La Spagna si è distinta per un vero e proprio boom del lavoro temporaneo, in seguito alla sua liberalizzazione nel 1984. I lavoratori a tempo sono presto diventati un terzo di tutti i dipendenti, rimanendo intorno a quel livello anche dopo una serie di riforme che negli anni ‘90 hanno cercato di ridurre la precarietà. Secondo le ultime rilevazioni, i temporanei sono il 33% dei lavoratori dipendenti e il 27% degli occupati. Anche il nostro paese, come noto, ha reso più facile il ricorso al lavoro temporaneo. Ma in Italia la quota dei contratti a termine non ha fatto registrare un boom di dimensioni spagnole (la quota dei lavoratori temporanei sul totale dei dipendenti è passata dal 12% del 1997 al 14% del 2003). Nello stesso tempo, anche nel nostro paese gli indicatori del mercato del lavoro hanno fatto registrare andamenti positivi (soprattutto sul versante della disoccupazione). Tuttavia, il tasso di occupazione della popolazione in età lavorativa resta al 57,8% in Italia, contro il 65% della Spagna. Per le donne, il tasso di occupazione è pari al 45,7% in Italia, contro il 53% della Spagna. In sintesi: la Spagna ha una maggiore precarietà, ma anche tassi di occupazione più elevati.

Il pacchetto Zapatero contiene tre interventi principali all’interno di una terapia d’urto contro la precarietà: 1) stabilizzazione dei lavoratori temporanei attraverso una momentanea diminuzione dei costi di licenziamento per il tempo indeterminato (prima del 2008, tutti i contratti temporanei, anche quelli con durata di pochi giorni, potranno essere trasformati in contratti permanenti con buonuscita ridotta); 2) stabilizzazione dei lavoratori temporanei attraverso incentivi monetari (prima del 2007, i contratti temporanei convertiti in permanenti e quelli permanenti offerti a certe categorie, tra cui le donne che riprendono a lavorare dopo cinque anni di inattività, potranno godere di consistenti sgravi contributivi); 3) divieto di incatenamento di contratti temporanei successivi (un lavoratore che ha firmato con la stessa impresa, e per lo stesso tipo di lavoro, due o più contratti per una durata complessiva superiore ai 24 mesi nell’arco di 30 mesi deve essere assunto in forma permanente).
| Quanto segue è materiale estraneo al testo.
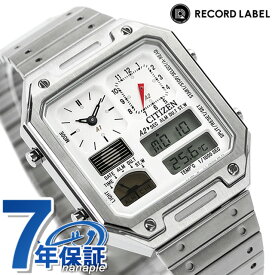 シチズン コレクション レコードレーベル サーモセンサー クオーツ 腕時計 メンズ 流通限定モデル クロノグラフ CITIZEN RECORD LABEL JG2120-65A アナデジ ホワイト 白 記念品 ギフト 父の日 プレゼント 実用的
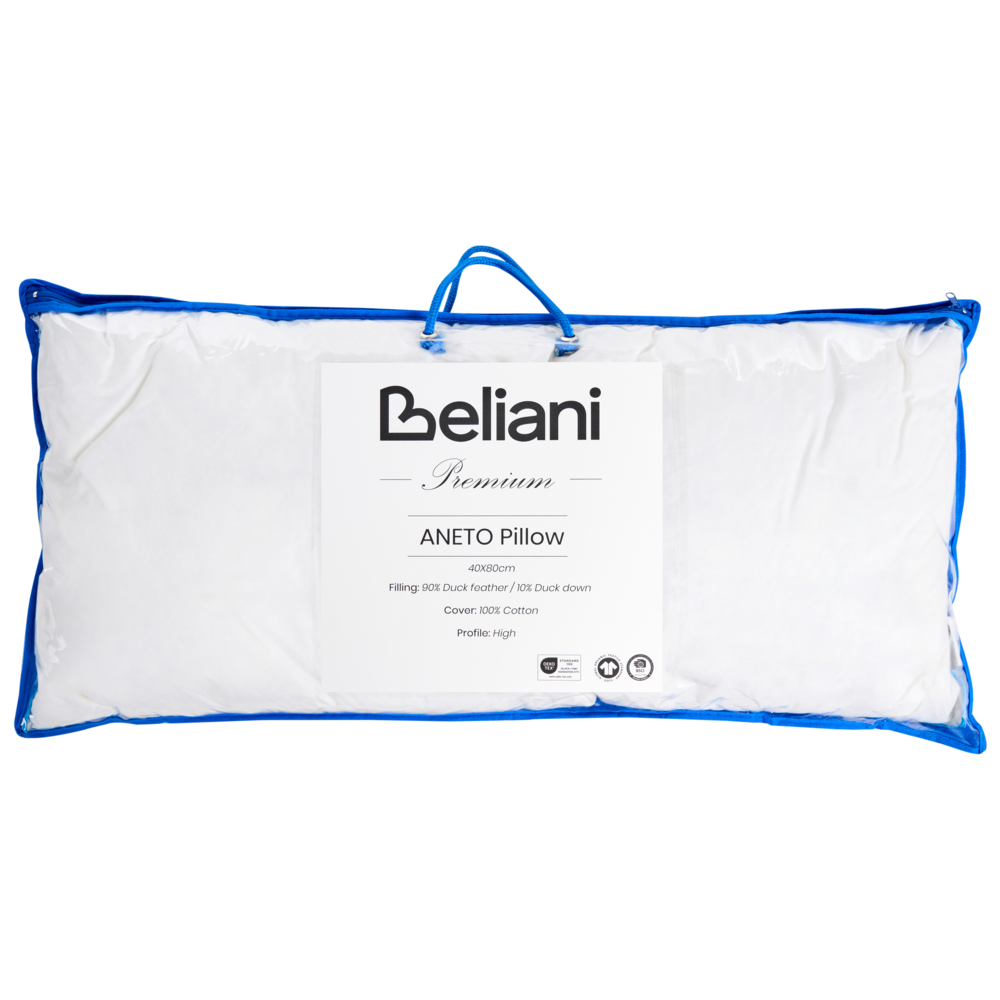 Cuscino alto da letto Rivestimento in cotone premium Imbottitura in piuma e piumino Bianco 40 x 80 cm premium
Che lezione se ne può trarre per l’Italia? Innanzitutto, va notato che governo e parti sociali spagnole non hanno previsto né un preciso protocollo di monitoraggio degli strumenti approvati, né un allargamento della rete di welfare con chiari impegni di spesa. Nel nostro paese, qualsiasi riforma che voglia affrontare il nodo della precarietà fra le nuove generazioni non potrà fare a meno di questi ingredienti. Ma esiste anche un insegnamento in positivo che può essere tratto dalla ricetta Zapatero: qualsiasi intervento diretto a favorire la stabilizzazione dei lavoratori a termine deve dosare bastone e carota. Questo, in Italia, potrebbe tradursi in una strategia di riforma in due mosse.

Prima mossa (il bastone). Sfoltire la selva di contratti atipici oggi esistenti, per individuare due sole tipologie: 1) poche forme contrattuali che vadano incontro a esigenze di mera flessibilità organizzativa o produttiva di breve periodo (interinali, stagionali), al cui utilizzo siano posti limiti stringenti rispetto al totale della manodopera aziendale; 2) un unico contratto a termine con maggiori garanzie, a partire da una durata minima di due o tre anni.

Seconda mossa (la carota). Incentivare la stabilizzazione dei contratti temporanei attraverso la possibilità di convertirli in contratti a tempo indeterminato con costi di licenziamento ridotti (prevedendo una buonuscita modulata sull’anzianità di servizio, fatto salvo l’obbligo di reintegro per i casi di discriminazione). Il tutto per un periodo limitato di qualche anno, dopo il quale governo e parti sociali tornano a confrontarsi sulla base di un preciso monitoraggio della riforma definito ex ante.
Con una strategia di questo tipo, accompagnata da una sostanziale estensione degli ammortizzatori sociali per i lavoratori flessibili, l’Italia potrebbe importare il meglio dell’esperienza spagnola senza passare per la stessa esplosione della precarietà.